Die Kamera fängt das auf. Stand Natalie lange im Zentrum des Bildes, rückt sie unmerklich in die Peripherie. Räume öffnen sich, auch landschaftlich. Entfremdung und Fremdbestimmung sind beendet. Natalie könnte sich jetzt frei fühlen, doch mit der unverhofften Freiheit will und kann sie wenig anfangen. Leere breitet sich in ihrem Innern aus, über die auch die Treffen mit ihrem Muster-Schüler nicht hinwegtrösten kann. Der hat sich mit seiner Freundin und einer Diskussionsgruppe aus Deutschland auf einem alternativen Bauernhof in der Provence zurückgezogen. Hier erlaubt sich der Film einen schonungslosen, beinahe gehässigen Blick auf eine Generation, die sich von der Gesellschaft entfernt, die sie vorgibt, verändern zu wollen.

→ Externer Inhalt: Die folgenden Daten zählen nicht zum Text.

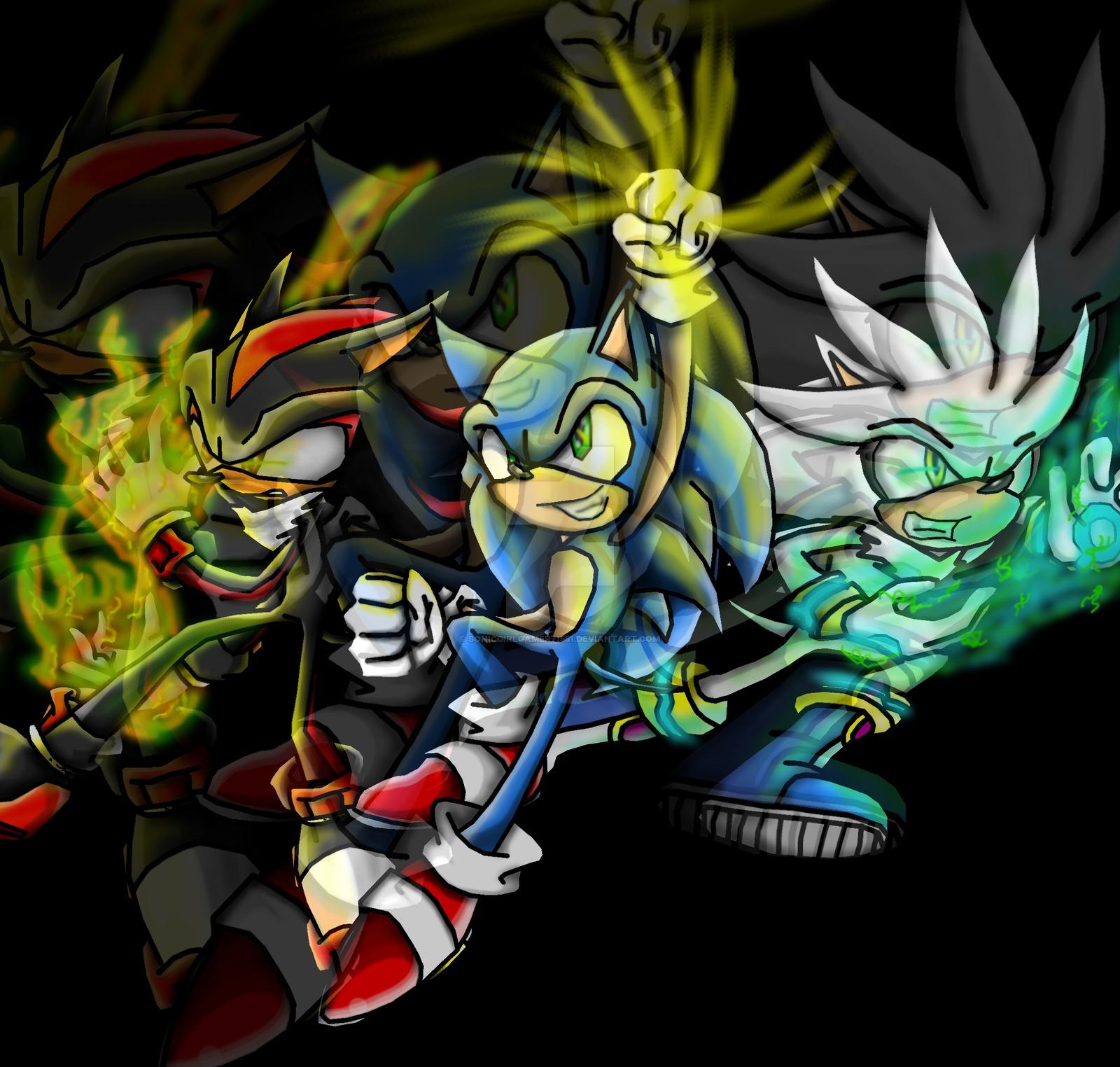 Sonic Shadow And Silver Wallpaper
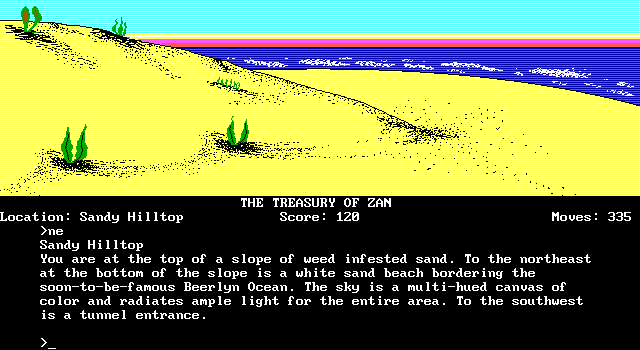 Treasury of Zan, The IBM PC/Compatibles Screenshot: A sandy hilltop...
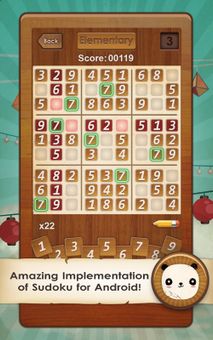 Sudoku screenshot 2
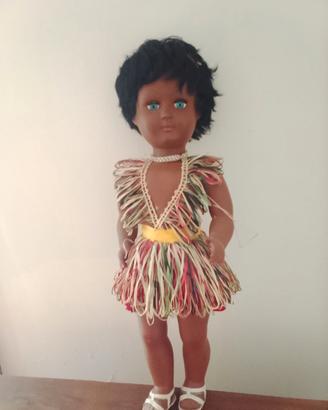 Bambola Vintage anni 70 Rara di colore hawaiana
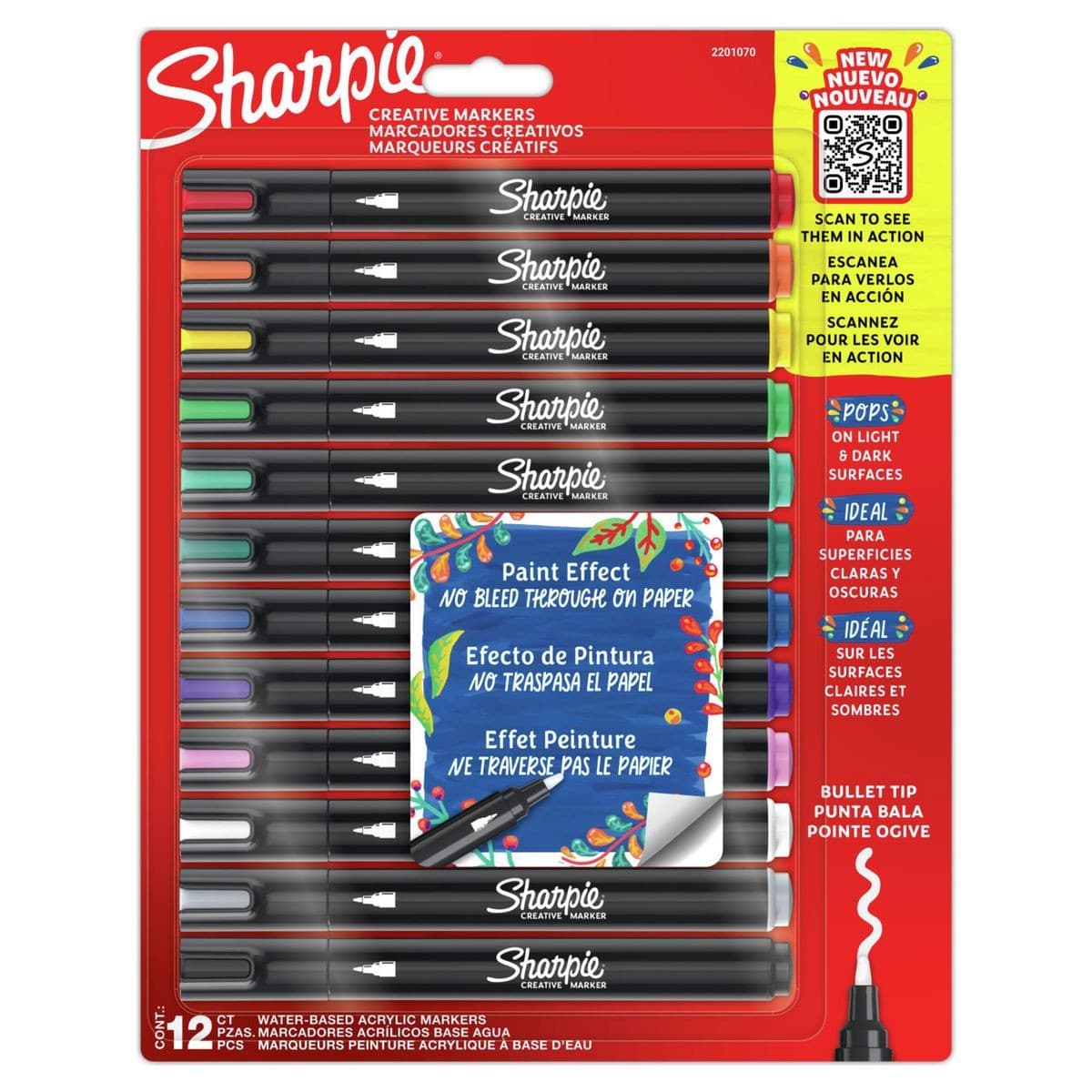 Sharpie Bullet Tip Creative Markers - 12 Pack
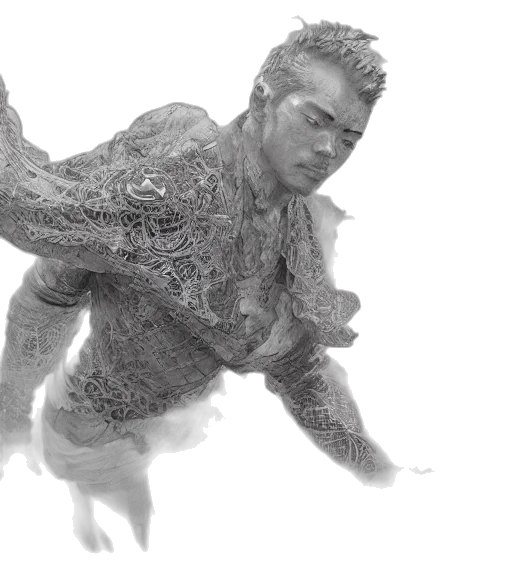 3d render, concept art, photorealistic, comic book art transparent PNG cut-out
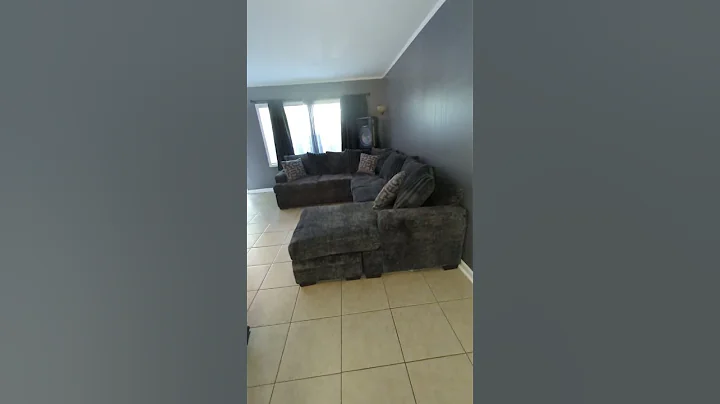 Devin Dark Gray Sectional w/ Pillows. LDH Furniture.Shop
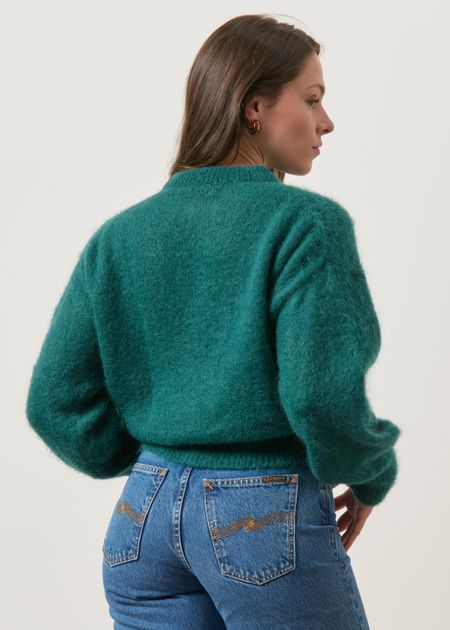 Pull en mohair certifié | vert émeraude "sérena", WeDressFair, photo 3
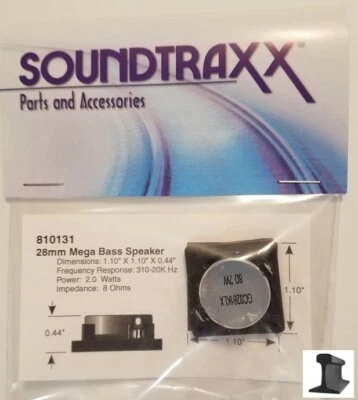 SoundTraxx ~ New 2025 ~ 28mm Square Mega Bass Speaker ~ 28 x 28 x 11.2mm ~810131 - Image 1 of 2
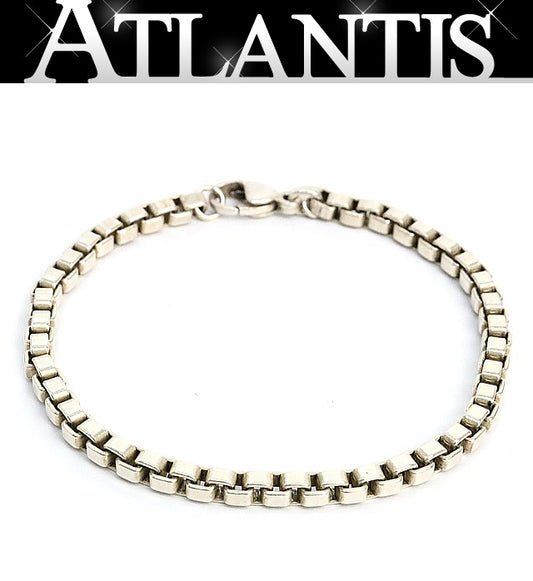 TIFFANY Venetian Link Sterling Silver Bracelet Size ONE SIZE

Die unaufdringliche Dramaturgie des Films hebt sich positiv von gängigen Modellen ab und mündet in ein Ende, das auch den Zuschauer selbst zu Reflexionen über das (eigene) Leben einlädt. Mit seinem großen erzählerischen und filmischen Gespür für das, was das Leben mit sich bringt, ist Alles was kommt eine klug inszenierte, gut beobachtete Charakterstudie, die den Zuschauer mit auf seine berührende Reise nimmt.